Write down exactly the lines of the records below, beginning with the first and ending with the line that includes "Chrysler Town & Country 3.6 Limited - 23".

(Stored items)
───

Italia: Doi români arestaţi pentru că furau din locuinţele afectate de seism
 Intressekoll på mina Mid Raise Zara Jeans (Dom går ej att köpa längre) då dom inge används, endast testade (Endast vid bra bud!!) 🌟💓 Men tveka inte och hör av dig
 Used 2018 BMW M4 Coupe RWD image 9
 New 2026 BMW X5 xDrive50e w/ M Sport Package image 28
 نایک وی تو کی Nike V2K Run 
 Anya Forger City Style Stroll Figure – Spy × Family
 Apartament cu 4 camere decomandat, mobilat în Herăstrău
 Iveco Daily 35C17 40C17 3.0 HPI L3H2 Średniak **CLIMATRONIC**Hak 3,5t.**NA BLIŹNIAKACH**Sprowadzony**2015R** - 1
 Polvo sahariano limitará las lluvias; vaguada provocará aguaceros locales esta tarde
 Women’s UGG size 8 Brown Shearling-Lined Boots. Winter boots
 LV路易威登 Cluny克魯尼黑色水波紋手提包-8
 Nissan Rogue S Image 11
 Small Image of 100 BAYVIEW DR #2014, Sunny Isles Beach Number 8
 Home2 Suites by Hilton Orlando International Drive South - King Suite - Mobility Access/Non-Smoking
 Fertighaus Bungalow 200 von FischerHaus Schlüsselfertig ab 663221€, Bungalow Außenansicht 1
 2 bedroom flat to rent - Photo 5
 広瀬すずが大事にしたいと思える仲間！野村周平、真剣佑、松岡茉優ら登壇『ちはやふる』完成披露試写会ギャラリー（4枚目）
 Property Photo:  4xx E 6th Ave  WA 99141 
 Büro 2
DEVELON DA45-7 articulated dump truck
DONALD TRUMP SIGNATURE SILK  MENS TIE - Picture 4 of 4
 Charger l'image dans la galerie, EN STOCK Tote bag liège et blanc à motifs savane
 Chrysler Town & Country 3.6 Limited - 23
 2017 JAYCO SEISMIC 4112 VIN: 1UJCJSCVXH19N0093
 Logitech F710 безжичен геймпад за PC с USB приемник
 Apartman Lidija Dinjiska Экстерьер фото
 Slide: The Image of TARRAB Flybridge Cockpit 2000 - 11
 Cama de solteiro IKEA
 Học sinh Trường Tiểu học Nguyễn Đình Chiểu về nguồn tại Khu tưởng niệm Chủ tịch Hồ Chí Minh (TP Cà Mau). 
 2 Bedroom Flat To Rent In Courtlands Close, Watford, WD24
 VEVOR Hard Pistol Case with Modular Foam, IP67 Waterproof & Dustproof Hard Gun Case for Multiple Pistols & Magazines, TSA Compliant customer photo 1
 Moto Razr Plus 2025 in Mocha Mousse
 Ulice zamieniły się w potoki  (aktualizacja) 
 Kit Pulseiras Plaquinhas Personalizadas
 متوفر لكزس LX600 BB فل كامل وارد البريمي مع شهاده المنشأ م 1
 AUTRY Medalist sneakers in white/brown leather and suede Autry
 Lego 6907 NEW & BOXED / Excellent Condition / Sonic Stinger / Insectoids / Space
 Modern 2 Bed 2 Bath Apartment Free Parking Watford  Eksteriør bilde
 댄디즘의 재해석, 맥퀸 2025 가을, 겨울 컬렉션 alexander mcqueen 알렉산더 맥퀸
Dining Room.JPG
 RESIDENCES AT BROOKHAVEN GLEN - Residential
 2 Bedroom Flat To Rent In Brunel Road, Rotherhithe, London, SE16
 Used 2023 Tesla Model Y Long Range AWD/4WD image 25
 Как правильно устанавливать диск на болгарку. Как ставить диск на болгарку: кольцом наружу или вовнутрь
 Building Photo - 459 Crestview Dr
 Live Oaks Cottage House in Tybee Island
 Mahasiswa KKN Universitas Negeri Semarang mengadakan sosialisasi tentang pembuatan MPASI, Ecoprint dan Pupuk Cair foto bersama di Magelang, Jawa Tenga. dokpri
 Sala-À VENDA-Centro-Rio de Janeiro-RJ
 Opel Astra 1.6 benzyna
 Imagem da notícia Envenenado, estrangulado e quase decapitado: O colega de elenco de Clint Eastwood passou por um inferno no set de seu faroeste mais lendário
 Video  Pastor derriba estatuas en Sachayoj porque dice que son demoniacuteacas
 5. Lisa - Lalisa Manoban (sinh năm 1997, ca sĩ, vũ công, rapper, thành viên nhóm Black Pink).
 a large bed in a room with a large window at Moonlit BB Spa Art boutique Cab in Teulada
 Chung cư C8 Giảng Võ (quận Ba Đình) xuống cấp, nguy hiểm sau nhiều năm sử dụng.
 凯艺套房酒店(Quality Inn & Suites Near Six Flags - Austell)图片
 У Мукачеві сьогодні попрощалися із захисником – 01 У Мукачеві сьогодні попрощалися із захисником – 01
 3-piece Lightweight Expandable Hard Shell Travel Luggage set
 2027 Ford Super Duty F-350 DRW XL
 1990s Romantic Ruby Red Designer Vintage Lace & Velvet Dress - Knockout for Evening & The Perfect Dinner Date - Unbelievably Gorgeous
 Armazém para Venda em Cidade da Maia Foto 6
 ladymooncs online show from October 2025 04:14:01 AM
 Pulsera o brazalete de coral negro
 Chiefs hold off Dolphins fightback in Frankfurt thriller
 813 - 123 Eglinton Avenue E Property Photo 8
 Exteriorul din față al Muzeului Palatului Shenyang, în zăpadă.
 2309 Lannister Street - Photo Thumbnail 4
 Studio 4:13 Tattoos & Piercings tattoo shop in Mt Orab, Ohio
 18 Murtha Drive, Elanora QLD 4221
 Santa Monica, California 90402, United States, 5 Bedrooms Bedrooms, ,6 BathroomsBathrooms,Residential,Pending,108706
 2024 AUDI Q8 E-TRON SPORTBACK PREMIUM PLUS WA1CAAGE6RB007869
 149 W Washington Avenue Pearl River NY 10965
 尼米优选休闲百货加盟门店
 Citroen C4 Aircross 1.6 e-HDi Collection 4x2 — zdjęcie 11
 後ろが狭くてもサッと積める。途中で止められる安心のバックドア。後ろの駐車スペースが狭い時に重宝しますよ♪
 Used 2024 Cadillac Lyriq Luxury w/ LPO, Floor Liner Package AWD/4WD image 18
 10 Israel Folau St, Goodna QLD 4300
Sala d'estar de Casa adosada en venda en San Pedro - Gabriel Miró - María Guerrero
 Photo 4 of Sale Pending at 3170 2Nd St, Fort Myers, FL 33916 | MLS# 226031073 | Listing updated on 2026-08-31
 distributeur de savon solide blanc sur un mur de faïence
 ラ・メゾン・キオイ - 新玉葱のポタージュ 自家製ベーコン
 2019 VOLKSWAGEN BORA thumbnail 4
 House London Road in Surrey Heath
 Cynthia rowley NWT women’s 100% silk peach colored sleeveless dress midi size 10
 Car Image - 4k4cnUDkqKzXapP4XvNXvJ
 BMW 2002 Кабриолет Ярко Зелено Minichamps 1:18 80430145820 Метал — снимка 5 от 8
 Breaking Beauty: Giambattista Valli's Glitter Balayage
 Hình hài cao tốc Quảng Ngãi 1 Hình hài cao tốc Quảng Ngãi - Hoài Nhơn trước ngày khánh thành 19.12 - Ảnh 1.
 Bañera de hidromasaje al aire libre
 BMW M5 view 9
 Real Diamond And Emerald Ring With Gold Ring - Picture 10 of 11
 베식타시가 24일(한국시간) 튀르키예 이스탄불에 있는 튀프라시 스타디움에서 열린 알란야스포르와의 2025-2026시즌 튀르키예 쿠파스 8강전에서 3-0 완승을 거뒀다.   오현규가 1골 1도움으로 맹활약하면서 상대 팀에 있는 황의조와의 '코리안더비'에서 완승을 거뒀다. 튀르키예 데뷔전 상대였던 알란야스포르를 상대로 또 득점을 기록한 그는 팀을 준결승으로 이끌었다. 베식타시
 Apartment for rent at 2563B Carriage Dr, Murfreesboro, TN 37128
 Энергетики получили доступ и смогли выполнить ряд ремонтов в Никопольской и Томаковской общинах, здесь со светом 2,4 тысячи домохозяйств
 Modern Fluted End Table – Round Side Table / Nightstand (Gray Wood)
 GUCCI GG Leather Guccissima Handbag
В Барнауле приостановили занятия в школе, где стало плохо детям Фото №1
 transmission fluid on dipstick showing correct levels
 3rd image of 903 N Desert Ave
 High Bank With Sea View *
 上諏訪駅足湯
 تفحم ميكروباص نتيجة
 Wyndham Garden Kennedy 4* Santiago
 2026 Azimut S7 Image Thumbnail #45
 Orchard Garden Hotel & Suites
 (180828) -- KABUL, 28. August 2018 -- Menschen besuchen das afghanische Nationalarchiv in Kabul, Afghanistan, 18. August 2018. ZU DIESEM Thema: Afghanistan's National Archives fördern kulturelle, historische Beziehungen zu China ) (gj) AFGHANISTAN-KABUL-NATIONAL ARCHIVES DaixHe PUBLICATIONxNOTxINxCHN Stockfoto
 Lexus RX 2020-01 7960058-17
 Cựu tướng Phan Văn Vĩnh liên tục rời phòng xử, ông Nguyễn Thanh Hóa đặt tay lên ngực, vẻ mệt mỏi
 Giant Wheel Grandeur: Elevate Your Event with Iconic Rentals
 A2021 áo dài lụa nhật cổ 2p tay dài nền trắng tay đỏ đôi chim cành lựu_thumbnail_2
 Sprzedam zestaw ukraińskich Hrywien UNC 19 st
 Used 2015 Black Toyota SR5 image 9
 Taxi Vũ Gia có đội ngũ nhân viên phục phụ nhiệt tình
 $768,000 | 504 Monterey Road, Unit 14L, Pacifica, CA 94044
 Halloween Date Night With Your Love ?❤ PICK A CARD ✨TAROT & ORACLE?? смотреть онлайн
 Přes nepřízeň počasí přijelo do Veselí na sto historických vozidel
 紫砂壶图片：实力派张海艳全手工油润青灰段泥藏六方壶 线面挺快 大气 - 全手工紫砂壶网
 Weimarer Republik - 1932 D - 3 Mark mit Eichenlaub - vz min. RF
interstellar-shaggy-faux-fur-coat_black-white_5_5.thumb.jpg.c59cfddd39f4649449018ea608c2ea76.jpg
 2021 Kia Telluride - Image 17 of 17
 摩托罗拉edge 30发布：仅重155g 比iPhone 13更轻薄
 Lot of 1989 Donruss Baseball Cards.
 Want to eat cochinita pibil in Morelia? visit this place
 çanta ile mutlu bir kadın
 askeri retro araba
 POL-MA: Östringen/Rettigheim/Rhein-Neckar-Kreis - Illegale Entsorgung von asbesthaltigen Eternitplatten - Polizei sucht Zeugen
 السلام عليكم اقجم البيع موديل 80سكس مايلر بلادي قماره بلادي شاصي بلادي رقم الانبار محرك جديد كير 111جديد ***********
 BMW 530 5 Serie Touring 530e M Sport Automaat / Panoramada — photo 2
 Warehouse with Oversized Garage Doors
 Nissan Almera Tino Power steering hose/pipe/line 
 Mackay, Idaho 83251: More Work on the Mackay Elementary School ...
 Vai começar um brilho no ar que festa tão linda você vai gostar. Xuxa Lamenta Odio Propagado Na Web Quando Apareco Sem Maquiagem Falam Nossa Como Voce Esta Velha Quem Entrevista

───

- COMPLETED EXERCISE
Italia: Doi români arestaţi pentru că furau din locuinţele afectate de seism
 Intressekoll på mina Mid Raise Zara Jeans (Dom går ej att köpa längre) då dom inge används, endast testade (Endast vid bra bud!!) 🌟💓 Men tveka inte och hör av dig
 Used 2018 BMW M4 Coupe RWD image 9
 New 2026 BMW X5 xDrive50e w/ M Sport Package image 28
 نایک وی تو کی Nike V2K Run 
 Anya Forger City Style Stroll Figure – Spy × Family
 Apartament cu 4 camere decomandat, mobilat în Herăstrău
 Iveco Daily 35C17 40C17 3.0 HPI L3H2 Średniak **CLIMATRONIC**Hak 3,5t.**NA BLIŹNIAKACH**Sprowadzony**2015R** - 1
 Polvo sahariano limitará las lluvias; vaguada provocará aguaceros locales esta tarde
 Women’s UGG size 8 Brown Shearling-Lined Boots. Winter boots
 LV路易威登 Cluny克魯尼黑色水波紋手提包-8
 Nissan Rogue S Image 11
 Small Image of 100 BAYVIEW DR #2014, Sunny Isles Beach Number 8
 Home2 Suites by Hilton Orlando International Drive South - King Suite - Mobility Access/Non-Smoking
 Fertighaus Bungalow 200 von FischerHaus Schlüsselfertig ab 663221€, Bungalow Außenansicht 1
 2 bedroom flat to rent - Photo 5
 広瀬すずが大事にしたいと思える仲間！野村周平、真剣佑、松岡茉優ら登壇『ちはやふる』完成披露試写会ギャラリー（4枚目）
 Property Photo:  4xx E 6th Ave  WA 99141 
 Büro 2
DEVELON DA45-7 articulated dump truck
DONALD TRUMP SIGNATURE SILK  MENS TIE - Picture 4 of 4
 Charger l'image dans la galerie, EN STOCK Tote bag liège et blanc à motifs savane
 Chrysler Town & Country 3.6 Limited - 23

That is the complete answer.